**Exercise data:**
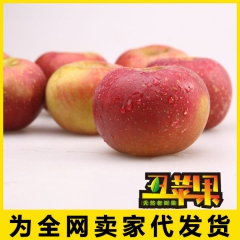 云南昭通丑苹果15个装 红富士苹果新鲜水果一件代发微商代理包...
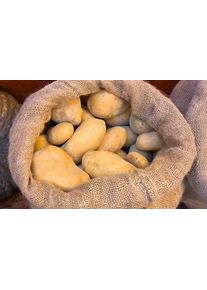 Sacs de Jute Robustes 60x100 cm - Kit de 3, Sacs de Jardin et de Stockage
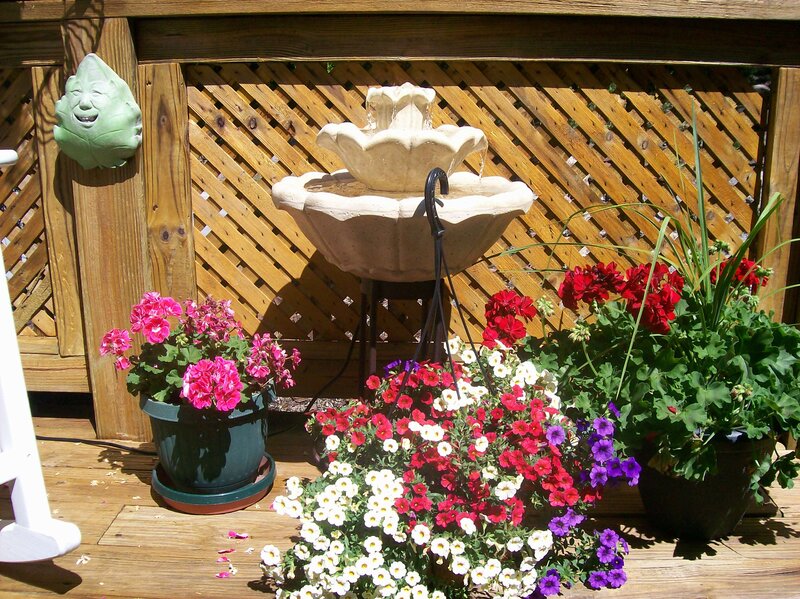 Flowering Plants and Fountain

--

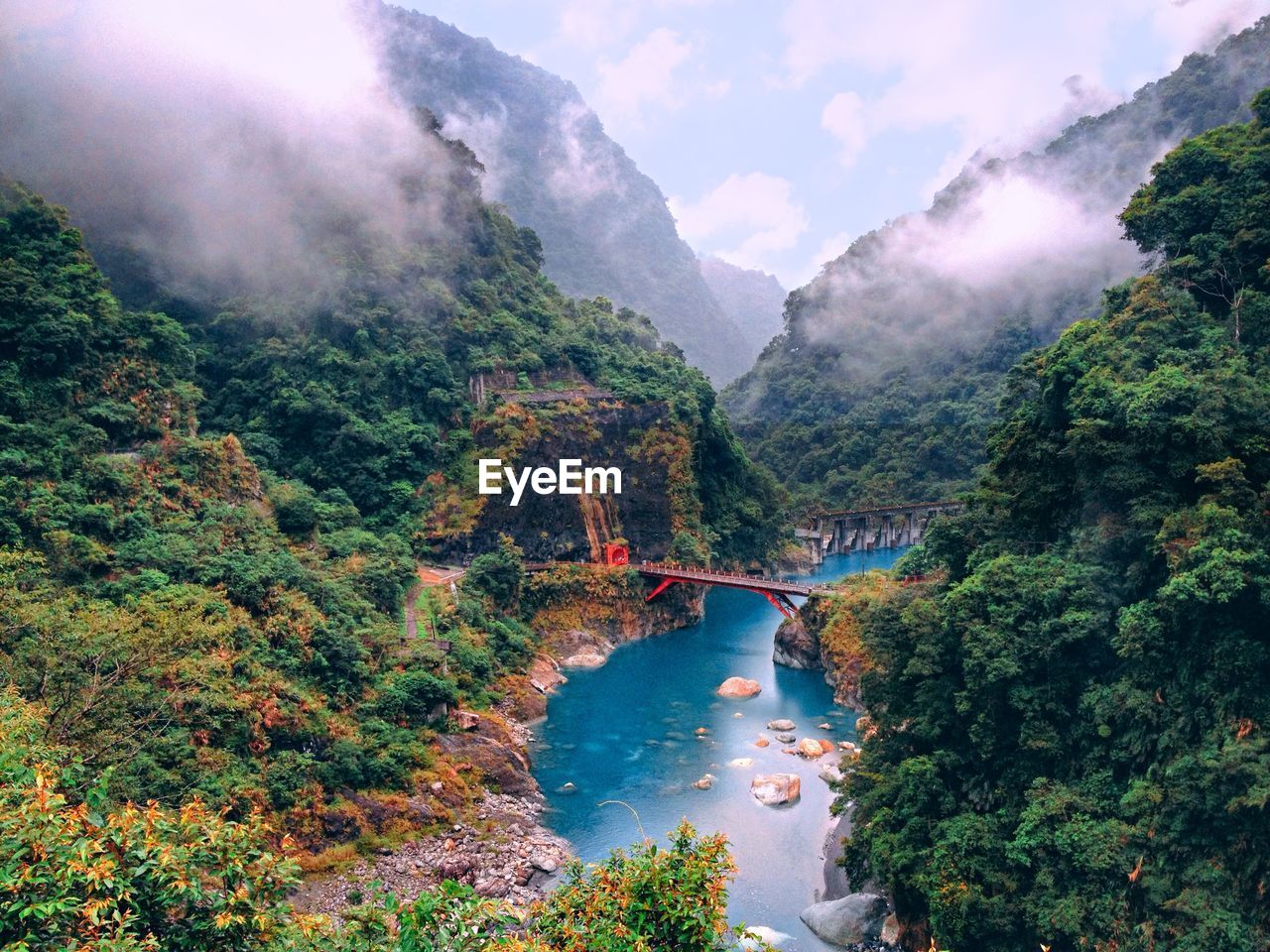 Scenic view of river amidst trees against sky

* * *

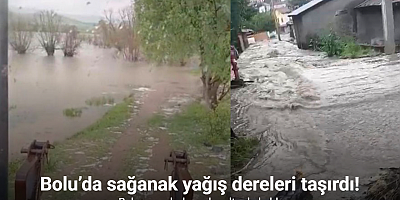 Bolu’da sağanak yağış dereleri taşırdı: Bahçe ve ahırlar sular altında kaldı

**Work required:** Beginning with the line above that contains "云南昭通丑苹果15个装 红富士苹果新鲜水果一件代发微商代理包..." and ending with the line that contains "Flowering Plants and Fountain", quote each line exactly, keeping out the pictures.

**Task result:**
 云南昭通丑苹果15个装 红富士苹果新鲜水果一件代发微商代理包...
 Sacs de Jute Robustes 60x100 cm - Kit de 3, Sacs de Jardin et de Stockage
 Flowering Plants and Fountain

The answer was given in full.